Using PMOV or MATH essentially requires already having the address (or something that can easily be turned into the address) in a register, which seems rather unlikely in the general case, without spending extra instructions on it. Generating a function index using this method is somewhat more likely, but not much. So either way, this can only be used for special cases.
So, without an index table, we end up with these options to choose from:
- two memory addresses per call site
- one memory address per call site, plus one in the loader and one register, with limitations
This is in addition to the JMP for each call site, but avoids taking space for a table.

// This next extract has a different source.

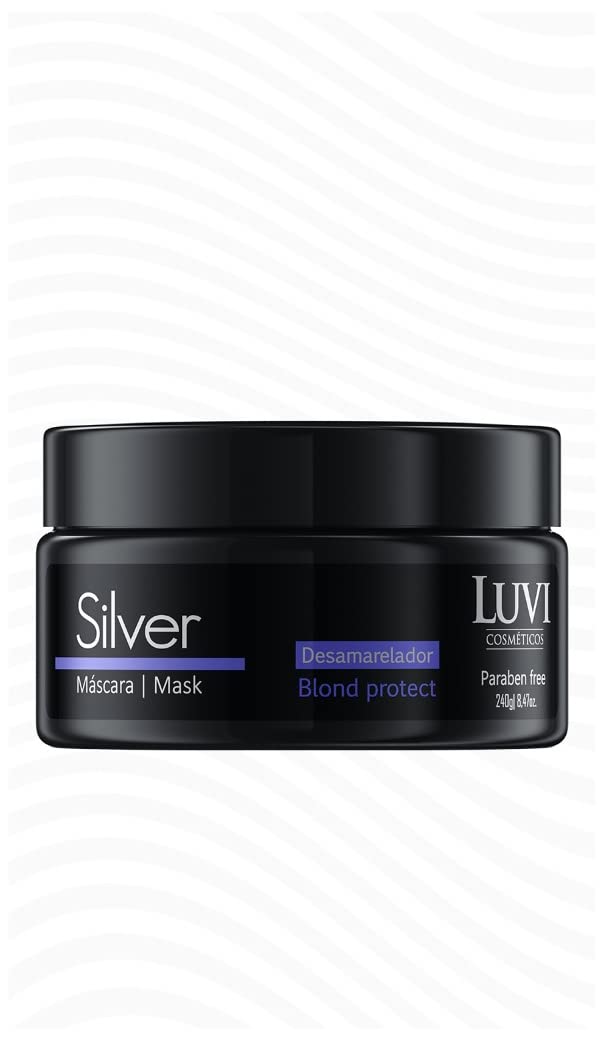 LUVI COSMETICS Silver Mask Blond Portect (8.47 oz/240 g)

These options are very similar to the ones with a table, though not quite the same, in that the limitations of the second option are a bit different.
Summary of options
The first option for both uses the same number of instructions, addresses and clock cycles, which suggests that with those approaches, the table is an unnecessary indirection that just takes extra disk space.

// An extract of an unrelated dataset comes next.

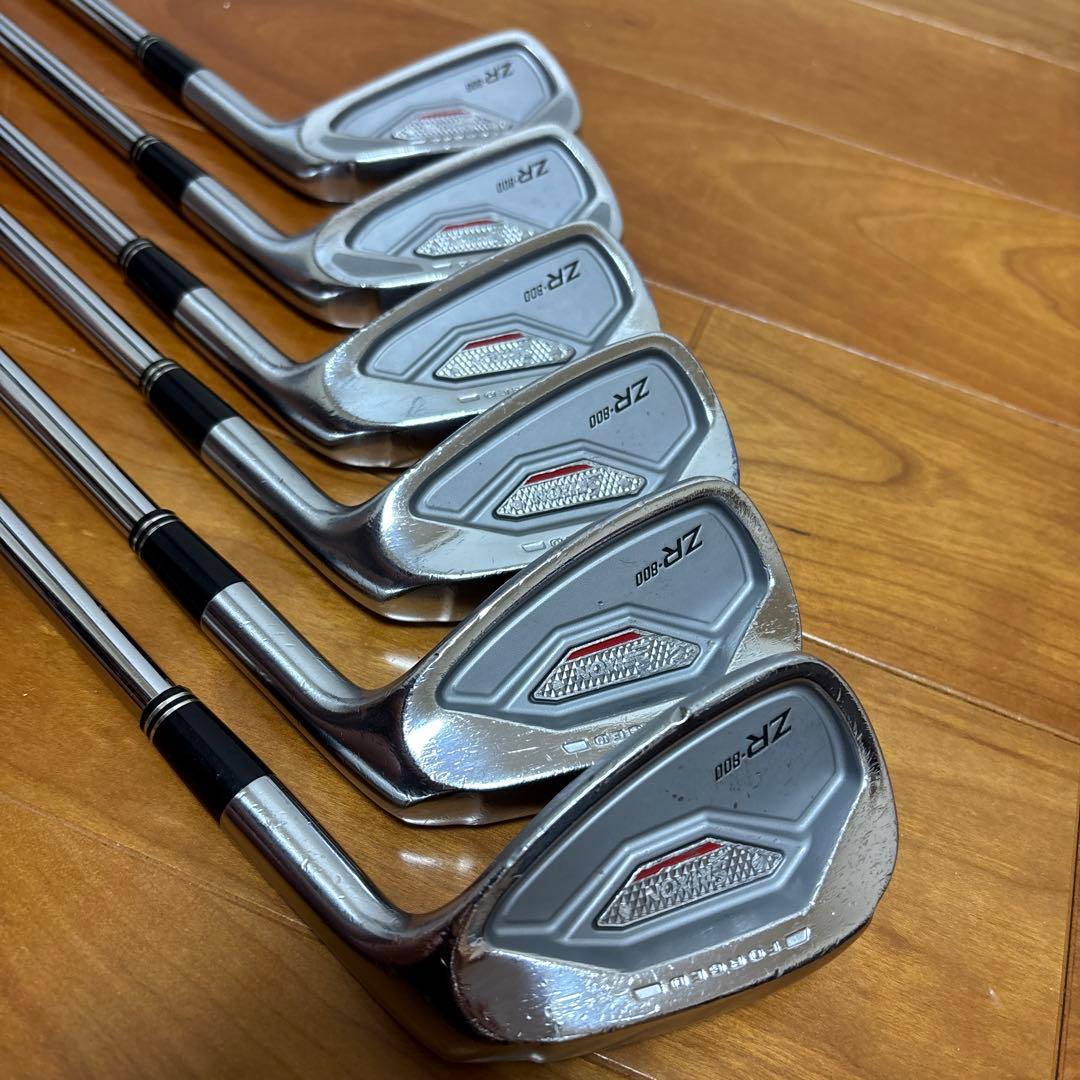 スリクソン　ZR800 アイアンセット 6本 5-P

The second option for both also uses the same number of instructions, addresses and clock cycles. But they have different limitations.
Now, if the disk is no larger than 256 addresses (like the default disk), then the limitations are void for both, since they are based on needing more than 8 bits to address things. So in this case the table again just takes extra disk space.

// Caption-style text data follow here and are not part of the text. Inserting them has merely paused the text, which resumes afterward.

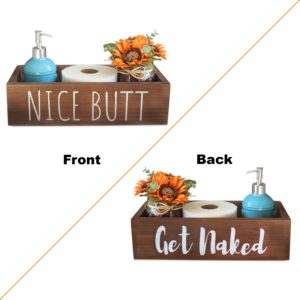 Nice Butt Bathroom Decor Box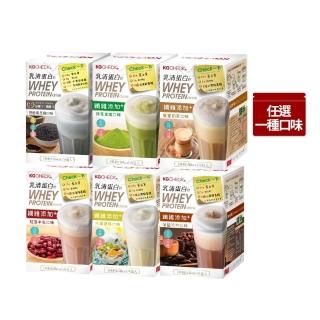 【聯華食品】乳清蛋白飲6包/盒(皇家奶茶/抹茶拿鐵/紅豆牛乳/水果優格/海鹽可可/香醇黑芝麻)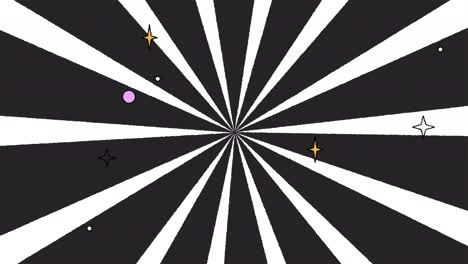 tiras cómicas en blanco y negro sobre fondo blanco, canal y animación de video en transmisión.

However, if the disk is larger than that, then the limitations come into play, and then the table is actually useful as it allows us to have functions stored anywhere on the disk instead of just in the first 256 addresses. However, even with the table, we are limited to at most 256 functions, minus the space taken by the initial program.
Which approach to choose
The above suggests that the choice of approach will mainly be based on which resources are most dear, and how many function calls you have.
First off, if you need more than 256 functions, you obviously need to use the first option, and thus don't need the function table.
If you need all the registers you can get, but have room to spare in memory, then again the first option is probably best.
If you can spare a register, but have lots of calls and little room in memory, then the second option is probably best, as it saves you one word of memory per function call.
If you have little disk space, and at least a couple calls, then the second option without a table is probably best, as it saves you both the table and one word per function call (not just in memory, but on disk).
If your dearest resource is your sanity (because you don't have an assembler/etc. that does this work for you), then I think the second option with a table is probably best, closely followed by the first option with a table, with the non-table options pretty far behind...